Data for analysis:
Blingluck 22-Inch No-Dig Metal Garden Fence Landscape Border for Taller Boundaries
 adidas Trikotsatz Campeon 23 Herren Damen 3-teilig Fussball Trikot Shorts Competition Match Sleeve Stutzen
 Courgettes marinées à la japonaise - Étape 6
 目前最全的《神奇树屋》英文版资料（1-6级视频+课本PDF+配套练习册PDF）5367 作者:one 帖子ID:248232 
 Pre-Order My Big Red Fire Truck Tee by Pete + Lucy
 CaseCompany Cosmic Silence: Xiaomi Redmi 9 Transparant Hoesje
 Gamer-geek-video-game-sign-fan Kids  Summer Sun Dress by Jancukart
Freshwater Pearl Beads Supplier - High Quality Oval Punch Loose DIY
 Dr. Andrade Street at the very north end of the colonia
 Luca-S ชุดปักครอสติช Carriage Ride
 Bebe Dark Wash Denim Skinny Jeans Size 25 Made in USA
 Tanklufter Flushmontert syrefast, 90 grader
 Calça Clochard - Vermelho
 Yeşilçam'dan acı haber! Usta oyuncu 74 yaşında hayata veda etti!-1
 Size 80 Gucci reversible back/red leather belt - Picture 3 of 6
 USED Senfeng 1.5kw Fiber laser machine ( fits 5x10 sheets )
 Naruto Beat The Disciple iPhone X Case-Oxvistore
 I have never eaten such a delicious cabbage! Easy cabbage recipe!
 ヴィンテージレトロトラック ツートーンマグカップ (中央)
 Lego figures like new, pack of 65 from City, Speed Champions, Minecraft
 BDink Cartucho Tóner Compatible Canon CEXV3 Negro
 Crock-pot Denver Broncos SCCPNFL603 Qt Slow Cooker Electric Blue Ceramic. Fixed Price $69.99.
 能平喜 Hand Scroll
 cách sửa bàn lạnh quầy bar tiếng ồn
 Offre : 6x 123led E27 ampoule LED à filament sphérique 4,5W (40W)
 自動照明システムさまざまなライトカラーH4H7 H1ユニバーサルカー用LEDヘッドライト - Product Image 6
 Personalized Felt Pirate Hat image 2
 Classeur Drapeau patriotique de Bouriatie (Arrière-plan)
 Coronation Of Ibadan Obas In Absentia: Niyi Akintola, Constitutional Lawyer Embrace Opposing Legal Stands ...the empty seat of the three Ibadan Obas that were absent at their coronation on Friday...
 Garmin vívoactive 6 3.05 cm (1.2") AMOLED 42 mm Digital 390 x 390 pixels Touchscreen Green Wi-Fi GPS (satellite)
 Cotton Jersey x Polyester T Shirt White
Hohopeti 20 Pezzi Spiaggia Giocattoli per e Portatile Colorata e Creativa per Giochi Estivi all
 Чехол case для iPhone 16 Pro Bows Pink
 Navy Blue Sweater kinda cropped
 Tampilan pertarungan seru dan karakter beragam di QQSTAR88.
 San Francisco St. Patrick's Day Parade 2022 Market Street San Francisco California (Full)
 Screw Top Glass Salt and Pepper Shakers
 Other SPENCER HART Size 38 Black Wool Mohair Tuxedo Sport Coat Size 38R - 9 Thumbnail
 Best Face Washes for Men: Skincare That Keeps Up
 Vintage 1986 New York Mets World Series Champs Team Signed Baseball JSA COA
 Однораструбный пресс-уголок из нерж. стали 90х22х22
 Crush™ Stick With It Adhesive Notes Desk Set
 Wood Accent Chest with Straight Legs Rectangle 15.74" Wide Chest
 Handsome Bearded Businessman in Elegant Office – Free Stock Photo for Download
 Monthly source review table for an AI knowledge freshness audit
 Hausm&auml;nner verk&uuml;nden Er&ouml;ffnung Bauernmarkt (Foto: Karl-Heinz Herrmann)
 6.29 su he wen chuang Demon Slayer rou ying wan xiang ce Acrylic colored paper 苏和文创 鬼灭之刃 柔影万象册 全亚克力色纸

Required action: Please return only the lines above, starting at the line that has "Lego figures like" and ending at the line that has "cách sửa bàn lạnh quầy bar tiếng ồn", keeping both and leaving each one unchanged.

Result of this task:
 Lego figures like new, pack of 65 from City, Speed Champions, Minecraft
 BDink Cartucho Tóner Compatible Canon CEXV3 Negro
 Crock-pot Denver Broncos SCCPNFL603 Qt Slow Cooker Electric Blue Ceramic. Fixed Price $69.99.
 能平喜 Hand Scroll
 cách sửa bàn lạnh quầy bar tiếng ồn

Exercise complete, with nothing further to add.